[Records from a data source]
==============================
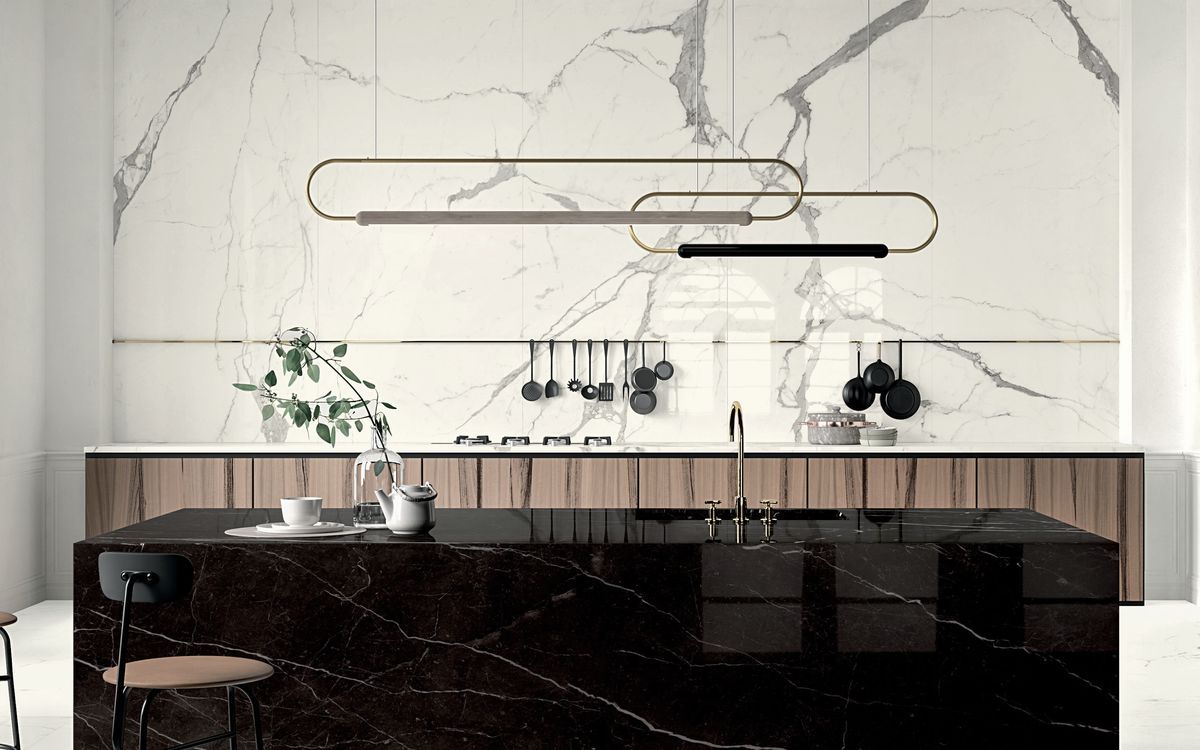 Supporting Image 3 for BelloCasa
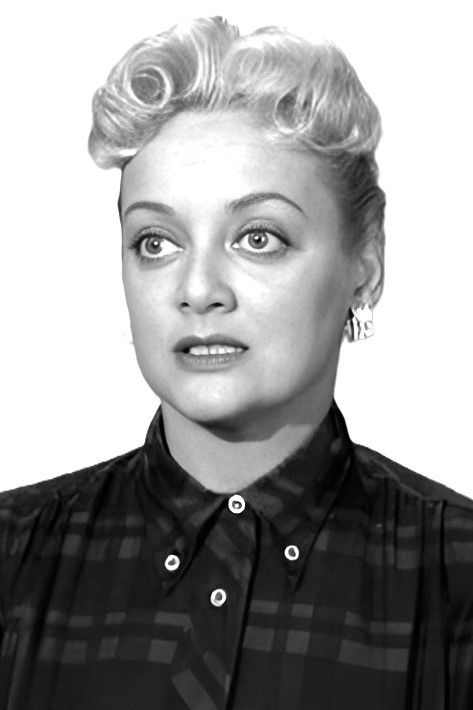 Фото  (Connie Cezon)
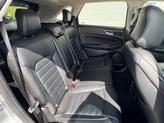 Thumbnail of 2024 Silver Metallic Ford Edge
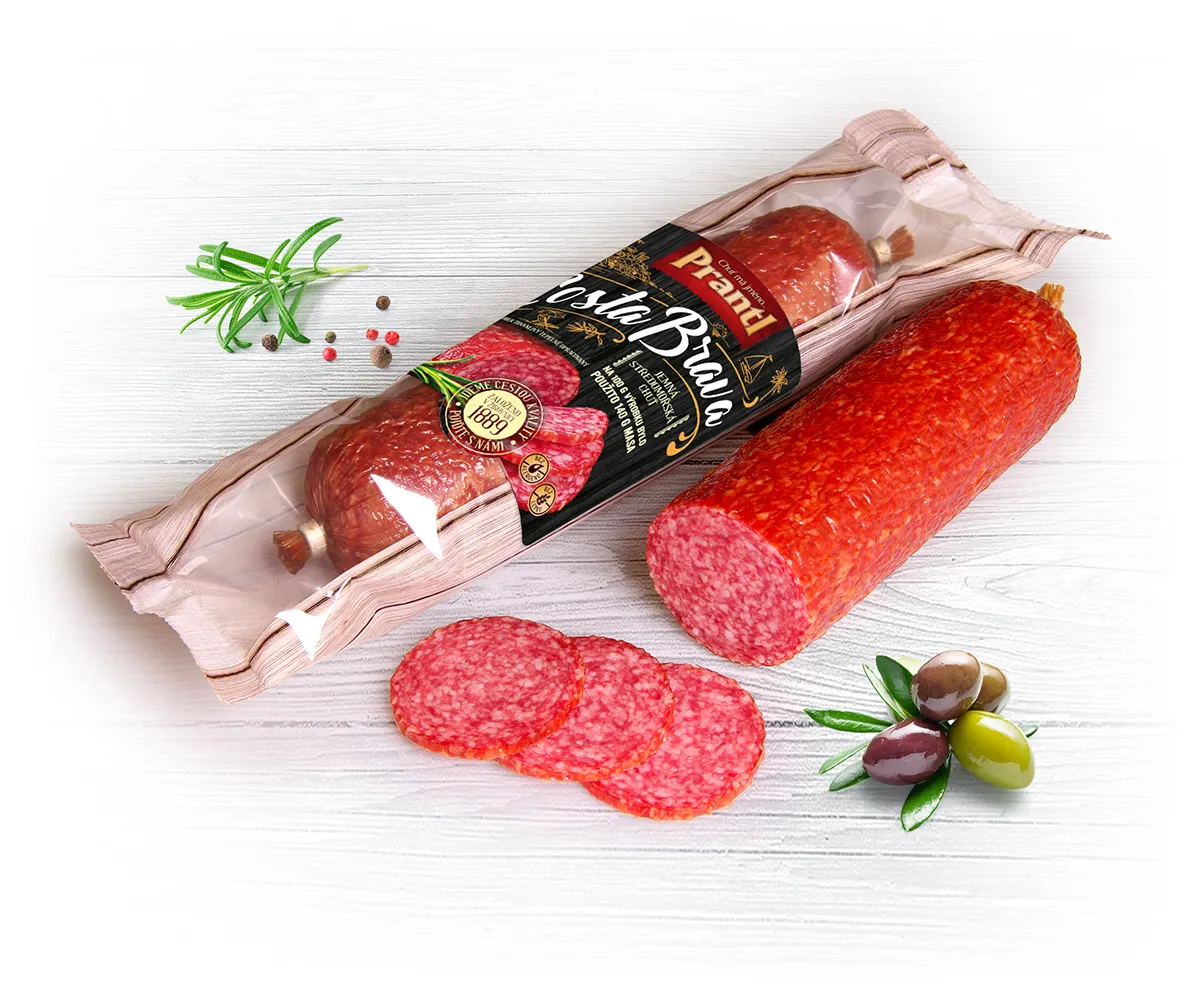 Costa-Brava-mini-300g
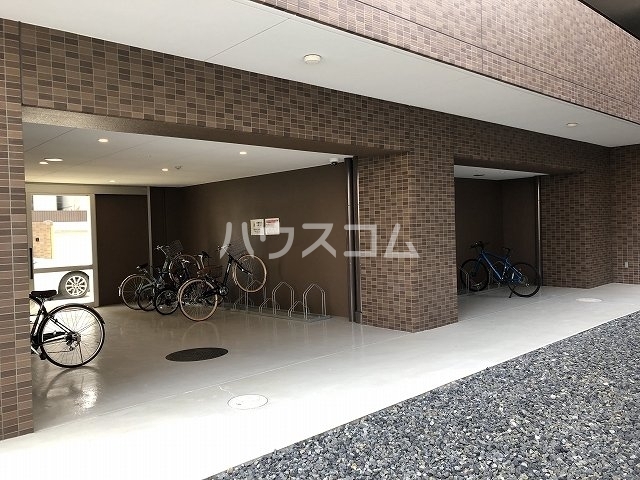 14/22 その他画像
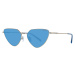 Pepe Jeans Sunglasses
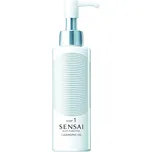 Sensai Silky Purifying Step One čistící…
==============================
Set down again, exactly, the lines from the one with "Thumbnail of 2024 Silver Metallic Ford Edge" to the last line of the data, both included and pictures excluded.

• Solution to the problem:
 Thumbnail of 2024 Silver Metallic Ford Edge
 Costa-Brava-mini-300g
 14/22 その他画像
 Pepe Jeans Sunglasses
 Sensai Silky Purifying Step One čistící…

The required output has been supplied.